NBC and Fox Local Sites Show Renewed Local News and Ad Competition

Important Details: Local broadcasters are getting savvier about the local online market, ramping up both product and sales activities.  For example, NBC Local Media, the company’s owned-and-operated business unit that it renamed last year, says it reaches “nearly one-third of the US population in the top 10 markets. We touch 40 million households and eight million monthly unique users online, tapping into an audience of affluent, active consumers.”First to relaunch was NBCChicago.com. NBCLosAngeles.com, NBCSanDiego.com and NBCBayArea.com launched Oct. 16, followed by NBCDFW.com, NBCPhiladelphia.com and NBCWashington.com on Oct. 20, with NBCConnecticut.com and NBCNewYork.com scheduled for Oct. 27. The sites, formerly hosted on the Internet Broadcasting platform, will change their URLs, so, for instance in Chicaco, wmaq.com becomes nbcchicago.com.

“Locals Only” is the messaging at the top of the site.  On product, the site is strongly local in news, entertainment, “around town,” health and the TV staples of weather and traffic, both highlighted. There are lots of link-offs, to stories and in the Chicago Tribune (owned by Tribune Company, owner of WGN, a rival of NBC Chicago WMAQ TV) and Time Out publications. Events are powered by Zvents (see our March 2008 report Zvents Local Push is One to Watch), a company that supplies calendaring to many newspaper companies.

The audience target is “social capitalists,” educated and affluent users who “like to stay ahead of the curve and influence others in their peer groups”. Buchwald says that is who advertisers told him they want to reach through local media.

Its advertising sales approach is now supported by 14 people selling brand advertising across markets to national advertisers, while local sales forces will continue offering integrated broadcast and digital packages to advertisers in their respective regions. That approach, says Brian Buchwald, SVP of NBC Local Integrated Media, is “less is more.” The sites will offer fewer ad placements per page and more customized options.  “We’re going with much cleaner, more impactful opportunities around [less] inventory,” he said. The new sites will feature just one ad unit along the right side of homepages and main section pages, focusing on rich media for that unit. Other focal points of the CPM-focused ad sells include:

  • Multiple in-stream video advertising and display units;
  • Providing sponsors with microsites for a more customized ad experience.
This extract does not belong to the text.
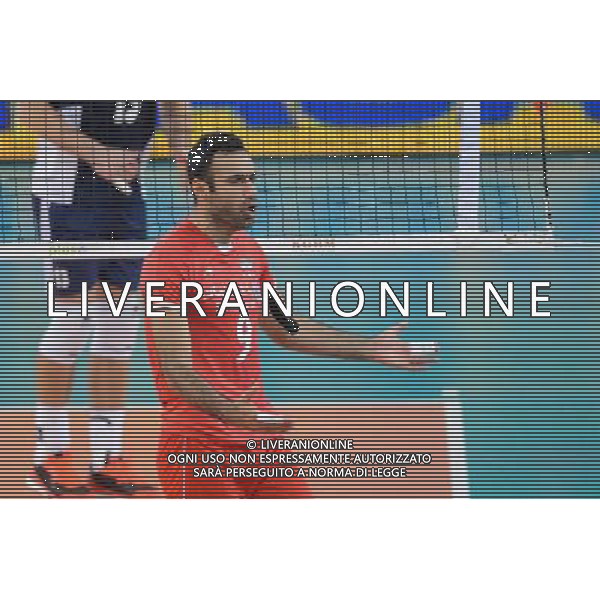 13.09.2014 - Lodz , Atlas Arena , siatkowka , Mistrzostwa Swiata 2014 , grupa E Polska (granatowe) - Iran (czerwone) , FIVB Men\'s World Championship , pool E Poland (navy) - Iran (red) N/Z Adel Gholami Fot. Mariusz Palczynski / MPAimages.com / NEWSPIX.PL --- Newspix.pl AG ALDO LIVERANI SAS ONLY ITALY *** Local Caption *** www.newspix.pl mail us: info@newspix.pl call us: 0048 022 23 22 222 --- Polish Picture Agency by Ringier Axel Springer Poland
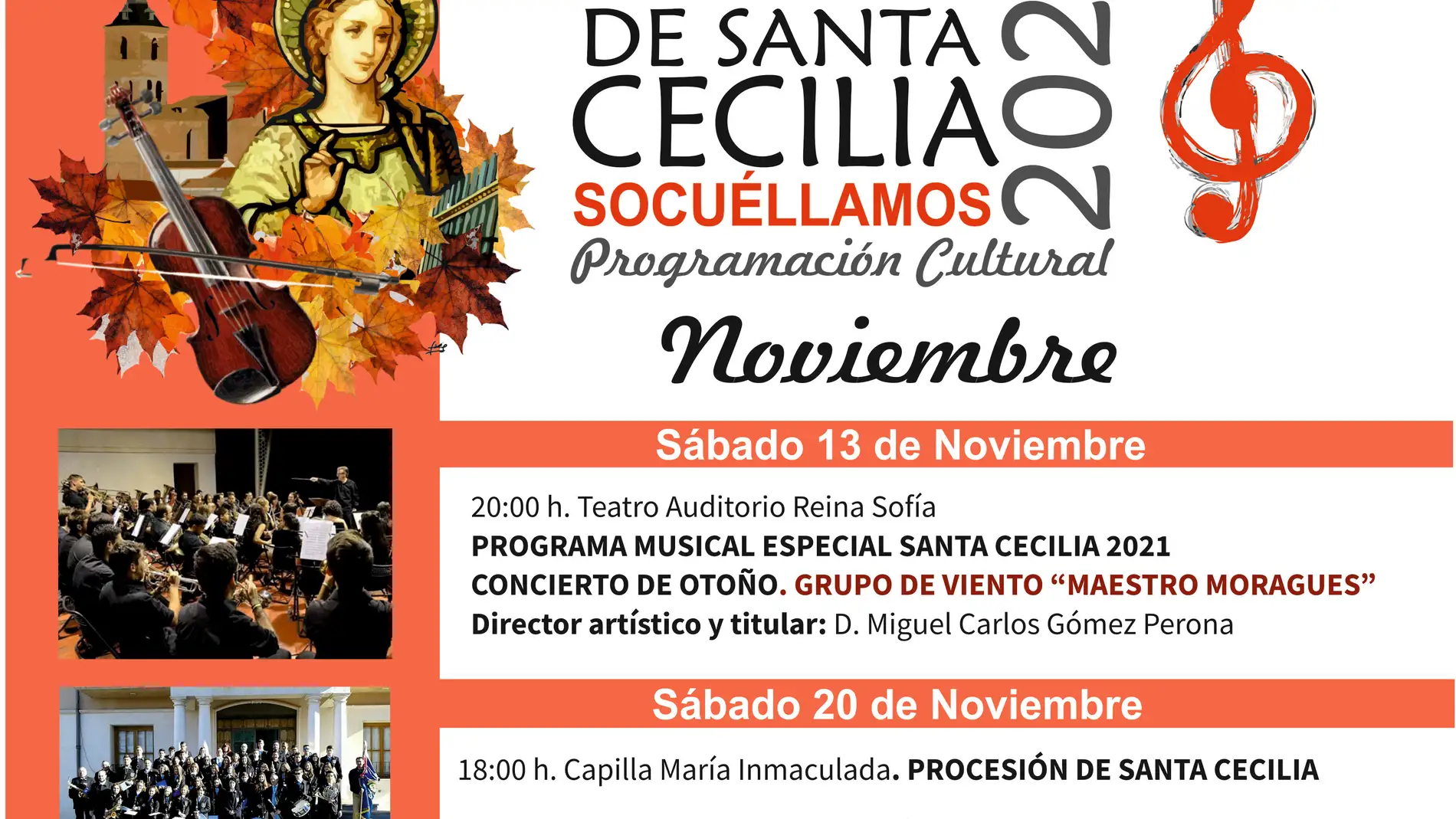 La celebración de Santa Cecilia llenará de música Socuéllamos durante el mes de noviembre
One created for the Northern Illinois Energy Project, an initiative promoting the use of compact fluorescent light bulbs, features video and links to the project’s web site and a retailer selling the environmentally-friendly bulbs.

NBC’s overall goal, expressed by NBC Local Media President John Wallace, “was to create a new type of use experience that’s less an extension of our TV stations and more of an online destination for the latest local news, information and entertainment….These sites are a departure from what we’ve done in the past and the next step in our mission to provide truly relevant local content to consumers on the media platform of their choice”.  Buchwald said NBC expects the overhaul of its TV station sites, which have a combined audience of about 7 million, to drive significant traffic growth in 2009.

In addition, Fox Interactive Media announced that it, too, is beginning to revamp local websites. Working with digital publishing company Lin TV, FIM has launched two sites, for Rhode Island’s www.wpri.com and Mobile, Alabama-based www.fox10tv.com, with more in the works. The emphases: customized video players, weather map and social net tools.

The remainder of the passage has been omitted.